TUCSON WEEKLY, PUBLISHED ON MARCH 8, 2007:
Live
By GENE ARMSTRONG  

Le Chat Lunatique


Le Chat Lunatique, Molehill Orkestrah, Pearl Handled Pistol
Club Congress, Friday, March 2
In Woody Allen's tragicomic masterpiece Sweet and Lowdown, Sean Penn's character, Emmet Ray, constantly
compares himself to, but never emerges from the shadow of, Django Reinhardt. It's doubtful that guitarist John
Sandlin, of the Albuquerque combo Le Chat Lunatique, is destined to a similar fate.

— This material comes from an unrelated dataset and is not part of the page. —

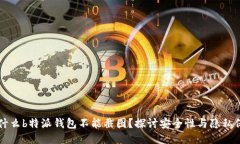 为什么b特派钱包不能截图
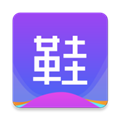 潮鞋货源appv1.0.2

Sandlin (with matinee-idol good looks and nylon-string pyrotechnics) is obviously steeped in the gorgeous
gypsy-swing pioneered in the 1930s by the Belgian master Reinhardt, but he also proved himself a versatile player,
with a style all his own, when his band headlined an immensely satisfying concert last Friday night at Club Congress.
Even spiffier than the unsigned quartet's vintage suits, pencil moustaches and fedoras was the music, a combination
that included rowdy jump blues and Western swing, Sephardic marches and Latinized waltzes, Celtic breakdowns
and French romanticism...

...Violinist Muni Kulasinghe played Stéphane Grappelli to Sandlin's Reinhardt, and bassist Jared Putnam wailed a
couple of tunes, including the Bob Wills-style "Millionairess" and a version of Cab Calloway's "Minnie the Moocher"
that didn't sound as if it had just been removed from mothballs. Most charming was Sandlin's arrangement of Erik
Satie's haunting "Gnossienne No. 1," which evolved from its stark, minimalist opening to embrace a reggae-tinged
syncopation. Sly and righteously swinging takes on "The House of the Rising Sun" and Paula Abdul's "Straight Up"
helped provide entry points for the diverse listeners in the house. Content neither to be a novelty act (Squirrel Nut
Zippers, anyone?) nor staid revivalists, Le Chat Lunatique proved they can rock the "hot club" while playing it cool.